Myers (1984) constatou ainda que as empresas mais rentáveis são as que recorrem menos ao financiamento externo, documentando a partir daí que as empresas com rendibilidades elevadas tendem a ter baixos níveis de capitais alheios, dado que os fluxos gerados internamente são suficientes para financiar os seus investimentos. Por outro lado, as empresas com rendibilidades baixas e cujos fluxos gerados não são suficientes para financiar os seus investimentos, apresentam níveis de endividamento superiores, financiando os seus investimentos através de recursos externos.

Assim sendo, a principal contribuição da teoria do pecking order consiste na identificação de uma ordem de fontes de financiamento adotada pelas empresas, resultante da existência da assimetria da informação. Em outras palavras, o facto dos insiders e o mercado possuírem informações diferentes sobre as empresas, faz com que as mesmas optem por seguir uma hierarquia de fontes de financiamento para que a assimetria de informação não seja prejudicial à organização (Matias, 2007).
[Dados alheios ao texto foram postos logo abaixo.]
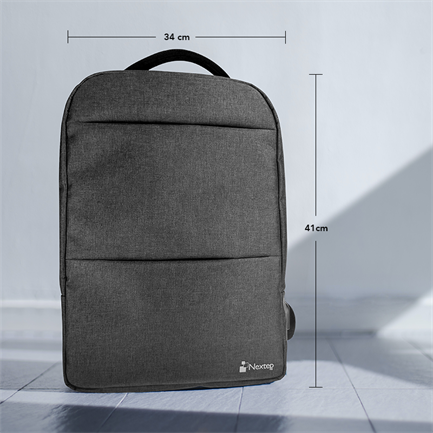 Mochila Nextep para Laptop de 15.6 Pulgadas, Multi Secciones, Color Gris, Ideal para Organización y Viajes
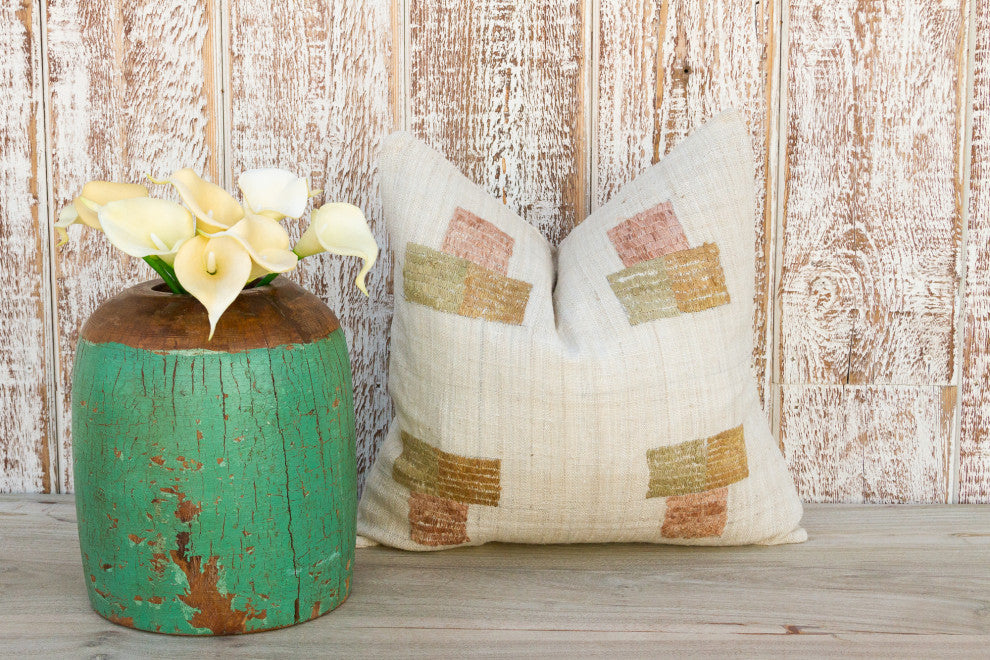 Akham Natural Embroidered Organic Silk Pillow
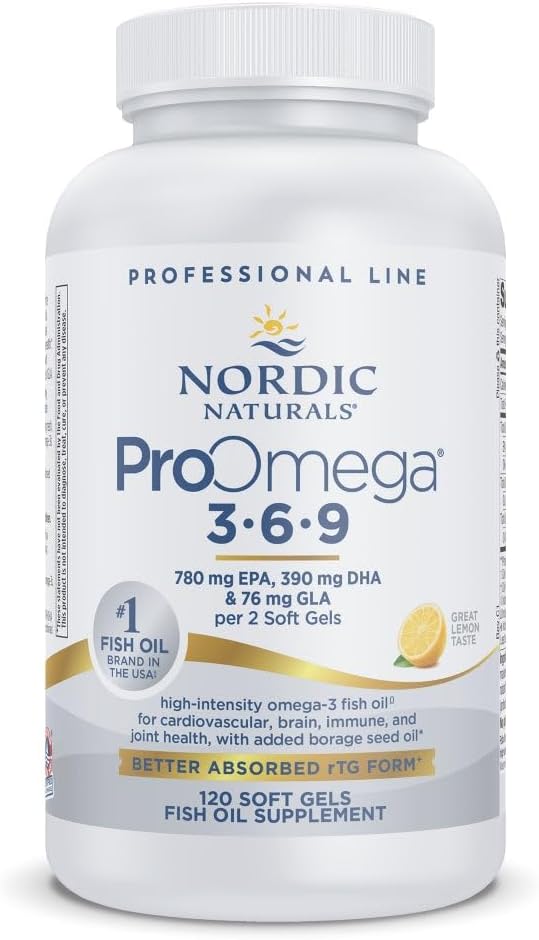 Nordic Naturals ProOmega 3-6-9, Lemon Flavor - 120 Soft Gels -1360 mg Omega-3 - EPA & DHA med tilsat GLA - Sund hud, kognition, positiv mood - ikke-GMO - 60 Servering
Embora existam teorias diversas a cerca da estrutura de capital das empresas como podemos constatar ao longo deste subcapítulo, a realidade e o comportamento das empresas nem sempre conseguem ser explicadas convenientemente pelas teorias financeiras, de forma que não há um consenso geral sobre esta matéria em termos teóricos. Apesar disso, salienta-se que as diferentes teorias aqui mencionadas vieram fornecer uma importante contribuição para o desenvolvimento das investigações sobre a estrutura de capital, acabando por complementarem-se umas às outras, como teremos a oportunidade de confirmar no próximo ponto.